As long as I'm extolling the virtues of rottweilers, allow me to digress to the subject of the new pope. In a slander on the breed, Ratzinger has been referred to as "God's rottweiler" apparently for his fierceness as the "defender of the faith." That is bullshit. Rottweilers will never tell you what to think or what to believe, except to believe that it is dinner time. Rottweilers will never tell you who or how to love; they give their love unconditionally and give their kisses freely and without reservation. Ratzinger is nothing like a rottweiler, he is merely a pig in a dress.
Jack was also the gentlest dog I've ever known. He had one toy for most of his life with us. He carried it around; he slept with it under his chin; he never chewed it. When we got the cats, Franklin and Eleanor, as kittens, we were concerned, but when finally allowed into their room, Jack laid down in the center of the floor with his little stub of a tail wagging like crazy and let the kittens come to him. And they did, rubbing up against his face, head, and paws. They remained Jack's biggest fans and he tolerated every annoying thing they did, including taking over his bed on occasion.
They told us that Jack was six years old when we adopted him and we were blessed with another seven years with him. Although we didn't have him for his whole life, he was already "the perfect dog" when he came to us-- housetrained, well socialized, and with a solid understanding of how to handle humans. Like most rescue dogs, Jack knew that he needed a home; and like most mature dogs, he knew how to fit in.
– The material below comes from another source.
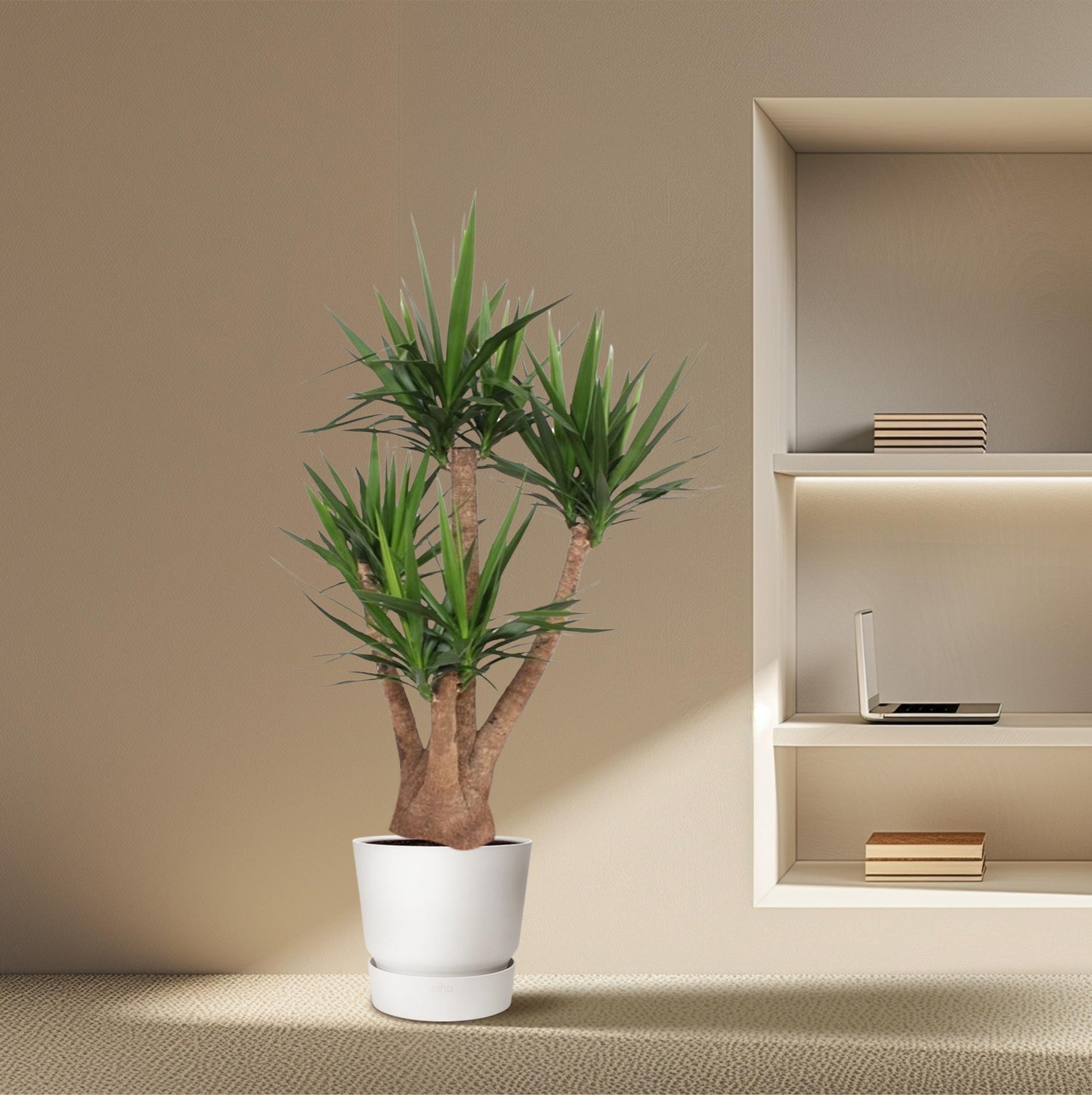 Yucca Elephantipes Verzweigt 170cm Ø45cm | Pflanzfix24.de - Pflanzfix24.de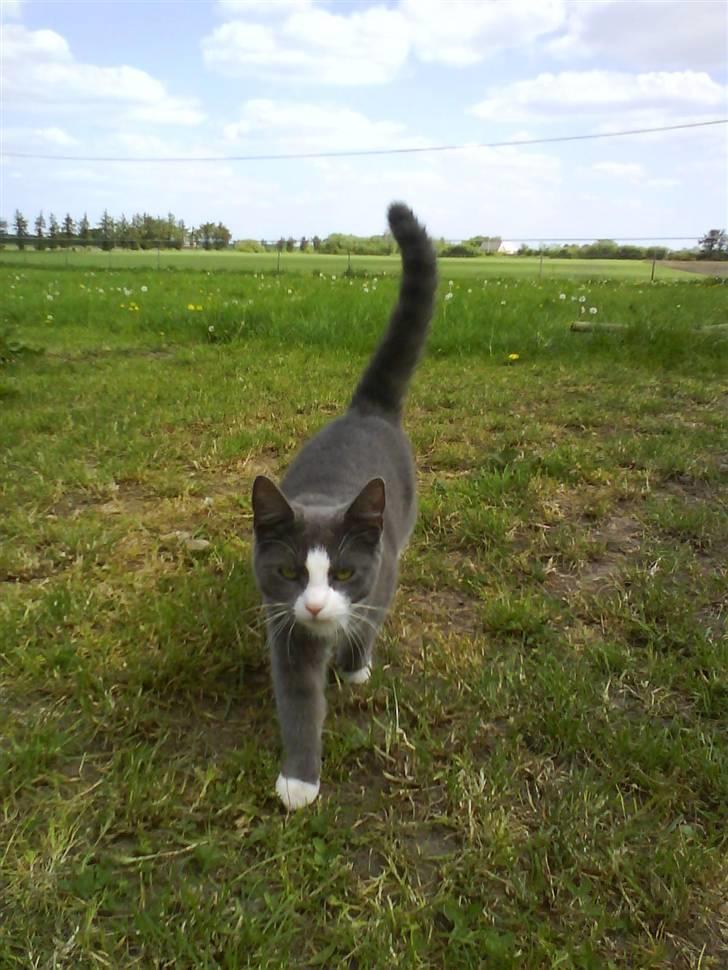 Huskat speedy hjælp mig hjem - jeg gå tur billede 15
During the last months of his life, Jack could no longer manage the stairs to the second floor. The saddest thing I ever saw was him standing at the foot of the stairs looking up at me. I brought his bed and a spare mattress downstairs to the front room so we could still sleep together.
Many, many rottweilers owe their lives to Jack. Our very first foster dog was a rottweiler and we have rarely been without a foster rottie or two over the past eight years that we've been engaged in rescue work. This is Jack's legacy. Giving life, love, and promoting understanding, that's not too shabby. Something we could all aspire to.